A legacy of music and a passion for art, and food 

During the 1920s, the city also became known for La Villa, aka the “Harlem of the South,” thanks to its many live music venues and nightlife scene. 

Ray Charles, briefly a Jacksonville resident before he became a star, played at a renowned theater there called The Ritz. Also a Jacksonville resident for significant periods of her life was writer Zora Neale Hurston, who once lived in the city’s Eastside.

Boosters point to a vibrant cultural scene, and many major, esteemed institutions, from the Cummer Museum of Art & Gardens to the top-ranked Jacksonville Symphony Orchestra, back that up. The city also really loves its ArtWalks (there are 3, in different neighborhoods) and art districts, including Riverside Arts Market and the Cork Arts District. 

Visitors may notice a lot of public art — especially murals — throughout the city; Sass points to a city ordinance that mandates public art whenever there’s new construction.

Like any good, self-respecting, up-and-coming destination, Jacksonville’s culinary and brewery scene is also on the rise. 

From two James Beard–nominated chefs (Brian Whittington at Orsay and Tom Gray at Town Hall and Prati Italia) to the Jax Ale Trail (the city boasts dozens of local breweries) to Southern comfort food to fish camps, the city has a thriving mix of old-school and elegant, driven by locally sourced ingredients that take advantage of the area’s abundance.

How to win in Jacksonville real estate

Advice for prospective investors in Jacksonville real estate is literally all over the map, which makes sense considering the city’s sheer acreage and quantity of neighborhoods and districts. But be ready to move if there is a deal to be had.

Consider master-planned communities

Peter Ma, an Executive VP at England-Thims & Miller, Inc. who oversees land development projects in Northeast Florida, points to established and up-and-coming master-planned communities as good bets. 

He mentions Nocatee, in coveted St. Johns County; Julington Creek, established in 1994; and the new developments of 7 Pines and eTown as planned communities that will appreciate in value.

Be open to different areas

Pruitt advises looking at the Northside area, the West Side, Jack’s Beach, and Ponte Vedra Beach.

Pruitt also mentioned that she’s recently seen clauses in certain builders’ contracts stipulating that an investor can’t purchase a new unit until it’s been owned by on-site owners for a prescribed length of time, a phenomenon The New York Times cited in a recent story on real estate in Charlotte, North Carolina.

Find undiscovered ‘little pockets’

According to Devi, there are still “little pockets of Jacksonville that are a good investment, because they aren’t quite as discovered as other areas.” 

She counts Arlington and Fort Caroline among those magical up-and-coming places.

‘Not a flipping market’

Griffis cautions that those looking to invest in the Jacksonville real estate market now would be wise to seek long-term return on investment. 

“If your goal is cash flow,” Griffis says, “we’re quickly becoming a market where that’s getting harder to do.
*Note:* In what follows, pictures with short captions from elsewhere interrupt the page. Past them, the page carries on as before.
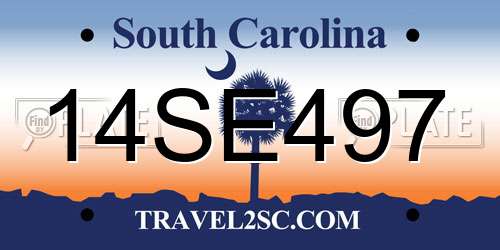 14SE497 South Carolina License Plate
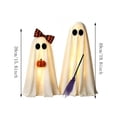 thumbnail image 7 of MYUNNIL 2Pcs Halloween Lighted Standing Ghost Decoration, Cute Light up Warm LED Fabric Ghost Ornament with Pumpkin & Broom, Reusable Freestanding Seasonal Decor for Porch Indoor Party, 16 & 20", 7 of 7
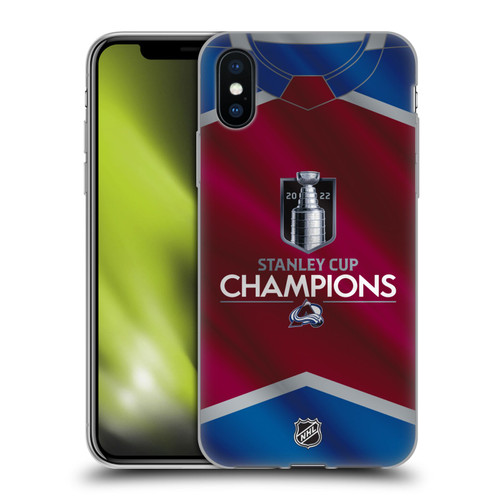 NHL 2022 Stanley Cup Champions Colorado Avalanche Jersey Soft Gel Case for Apple iPhone X / iPhone XS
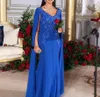 2020 Arabic Blue Evening Dresses With Cape Applique Beads bodice chiffon deep V Neck Mermaid Prom Dress Plus Size Formal Occasion Gowns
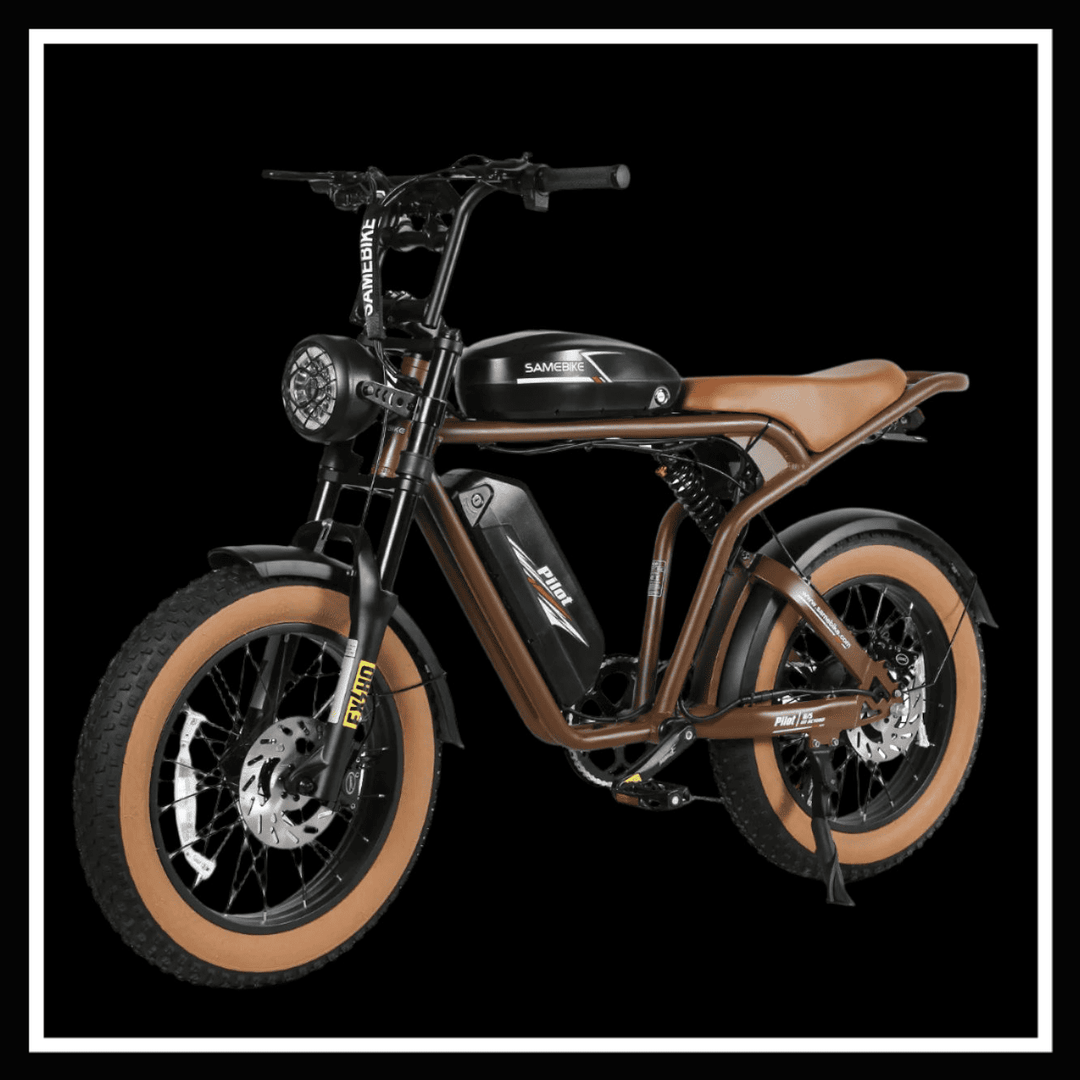 Samebike M20-III electric bike with fat tires and dual suspension, showcasing its rugged design and performance.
If you’re looking for appreciation, now is a great time to invest.” 

She notes that in this market, an investor would be likely to simply break even on rents generated from investment properties. Griffis is a fan of investors who seek “aged-out products” that are in need of a refresh (think homes built in the 1970s through the 2000s). 

“I appreciate the investor that buys a house that’s a little distressed and doesn’t just lipstick it but makes substantial improvements,” says Griffis, “and then sells it to someone who couldn’t have done it themselves.”